[Materials provided Boundary: Start]

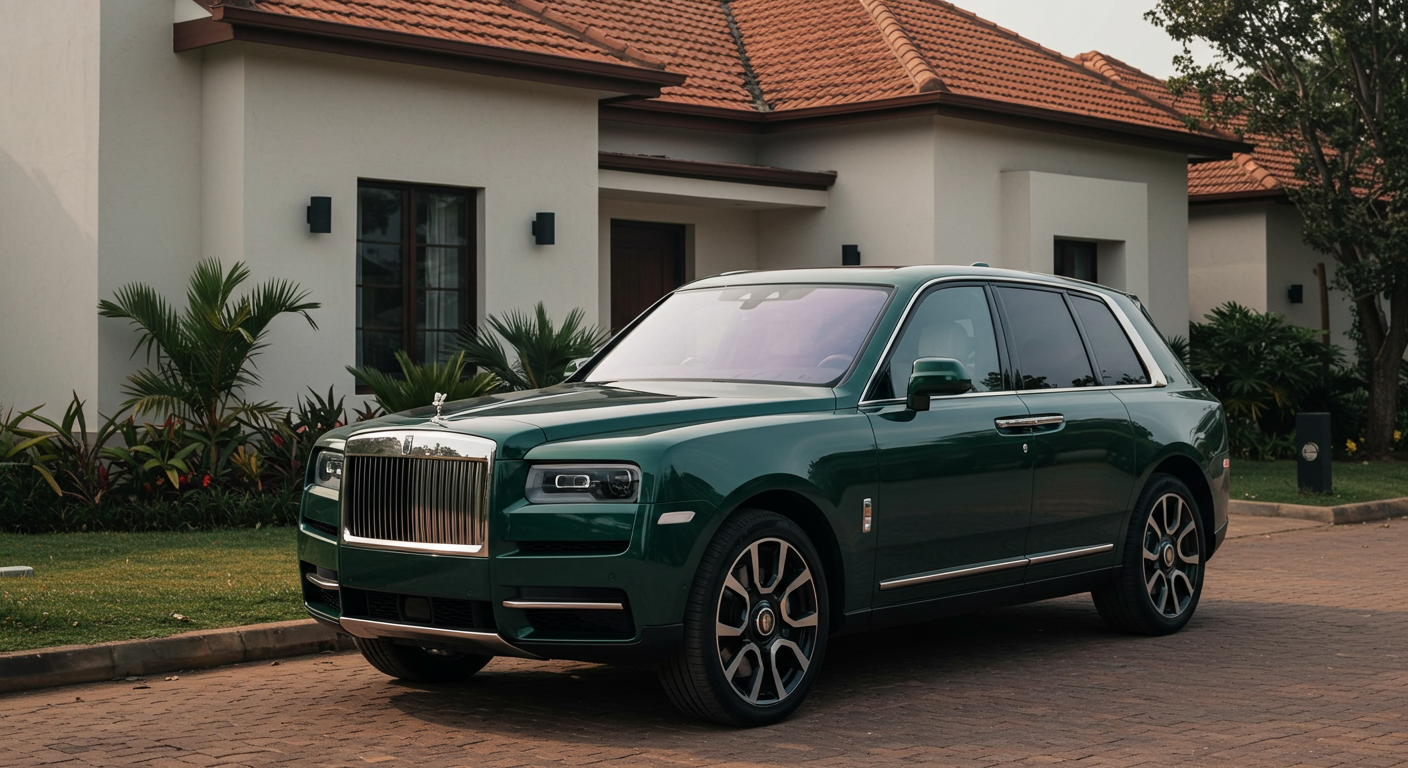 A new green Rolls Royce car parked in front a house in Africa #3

[Materials provided Boundary: End]
[Materials provided Boundary: Start]

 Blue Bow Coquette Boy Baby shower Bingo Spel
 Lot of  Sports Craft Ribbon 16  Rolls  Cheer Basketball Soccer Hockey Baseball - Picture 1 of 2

[Materials provided Boundary: End]
[Materials provided Boundary: Start]

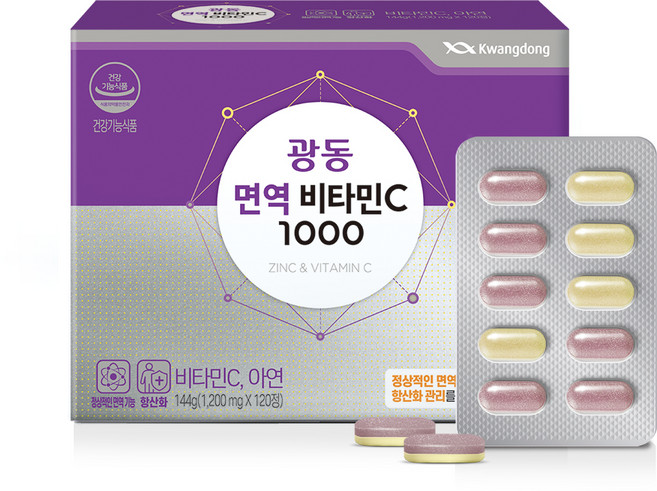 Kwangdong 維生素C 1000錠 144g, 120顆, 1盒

[Materials provided Boundary: End]

▸ Task instructions
Reproduce the entries above exactly, but only the lines between the line holding "Blue Bow Coquette Boy Baby shower Bingo Spel" and the line holding "Picture 1 of 2", inclusive.

▸ Answer below
 Blue Bow Coquette Boy Baby shower Bingo Spel
 Lot of  Sports Craft Ribbon 16  Rolls  Cheer Basketball Soccer Hockey Baseball - Picture 1 of 2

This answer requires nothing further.